Nothing should appear in the answer except the lines from the one with "Une terrasse extérieure" through the end of the listing below, transcribed exactly and without pictures.

═══

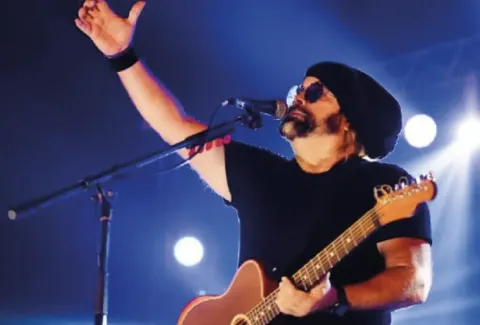 Hombre con una guitarra y un sombrero en un escenario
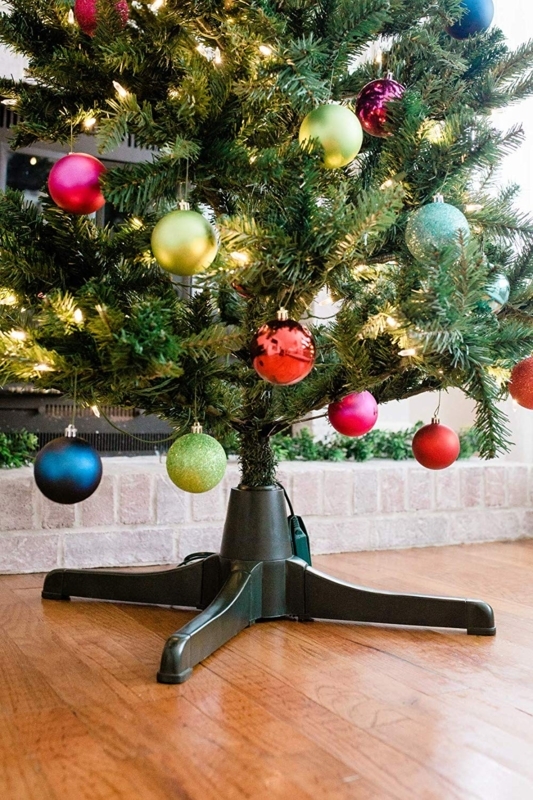 Traditional Forest Green Christmas Tree Stand on Patterned Rug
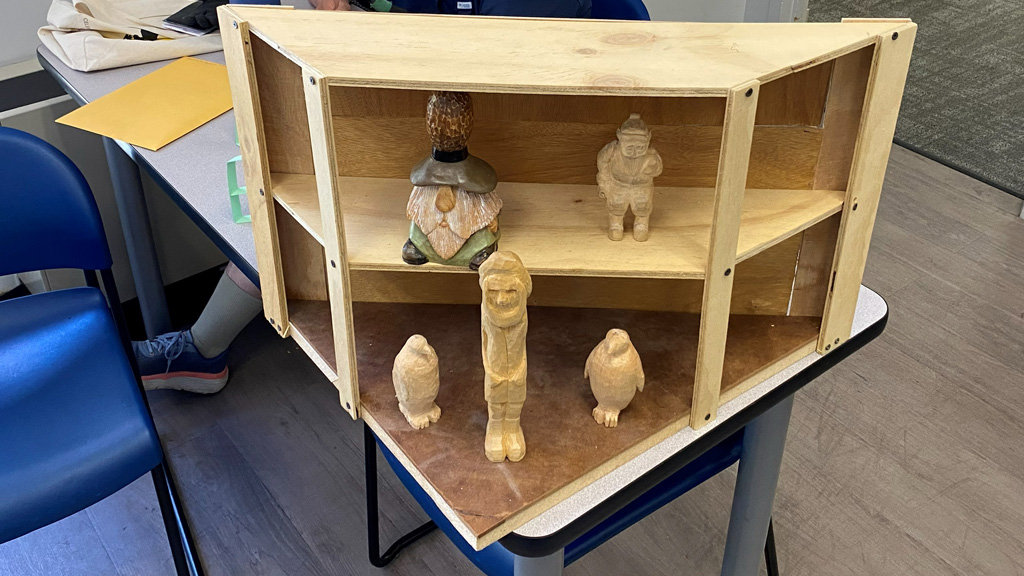 A light-colored wooden corner shelving unit, which appears to be an early prototype made of plywood with visible screws, sits on a table displaying several hand-carved wooden figures. On the upper shelf, there is a painted figure resembling a gnome alongside a smaller standing human figure. The bottom surface of the case features three unpainted carvings: two small penguins flanking a taller, slender human figure in the center.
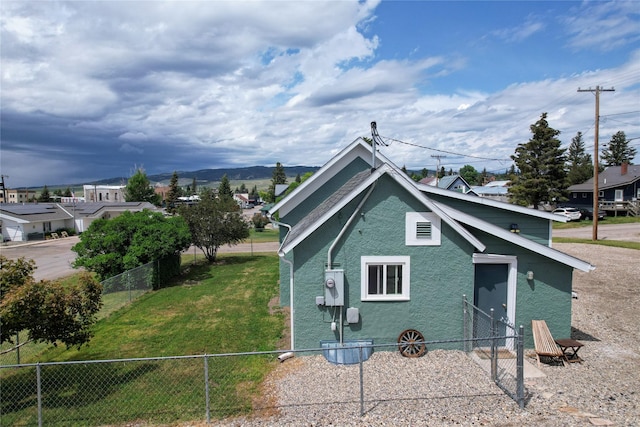 102 E Chilton St, White Sulphur Springs, MT 59645 - view of property exterior with stucco siding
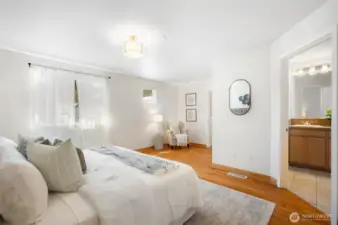 Primary suite with sitting area is designed for comfort and functionality.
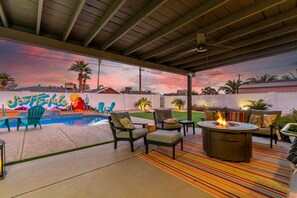 Une terrasse extérieure avec une piscine, des chaises, un foyer et une fresque murale.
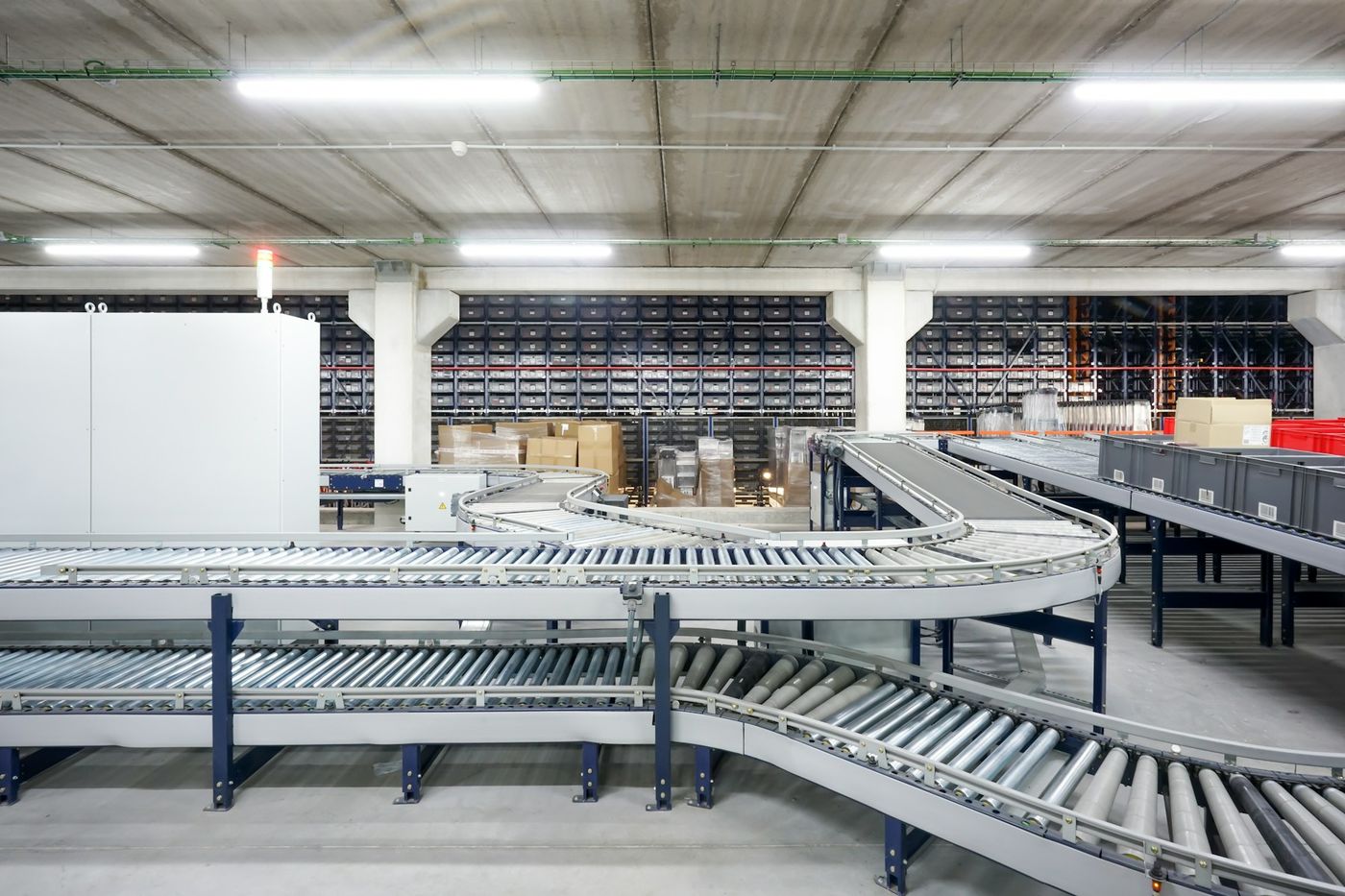 Curved roller conveyors run through an empty, brightly lit warehouse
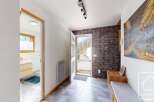 Step into this inviting entryway, showcasing a blend of modern and rustic design elements.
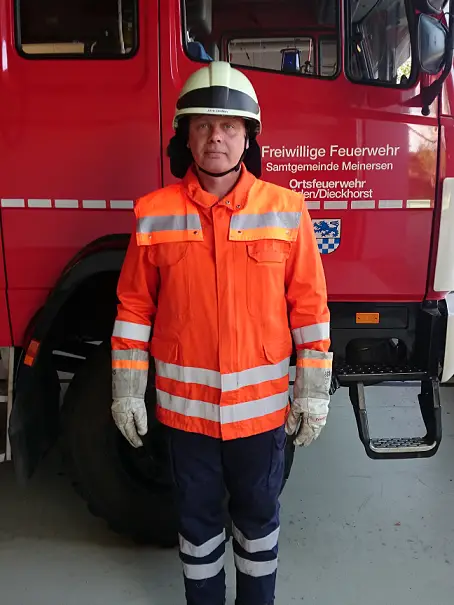 Feuerwehrmann in orangefarbener Einsatzkleidung mit Helm vor einem Löschfahrzeug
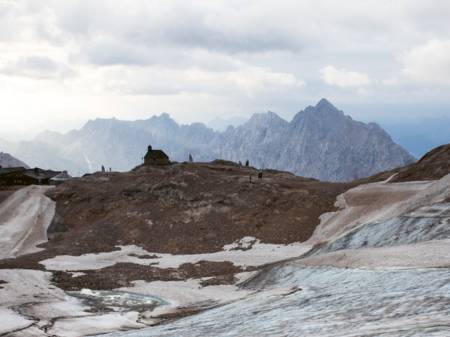 Vor der Kulisse zerklüfteter Alpengipfel steht eine kleine Kapelle – um sie herum befindet sich das Eis auf dem Rückzug.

═══

• **WRITTEN RESPONSE**:
 Une terrasse extérieure avec une piscine, des chaises, un foyer et une fresque murale.
 Curved roller conveyors run through an empty, brightly lit warehouse
 Step into this inviting entryway, showcasing a blend of modern and rustic design elements.
 Feuerwehrmann in orangefarbener Einsatzkleidung mit Helm vor einem Löschfahrzeug
 Vor der Kulisse zerklüfteter Alpengipfel steht eine kleine Kapelle – um sie herum befindet sich das Eis auf dem Rückzug.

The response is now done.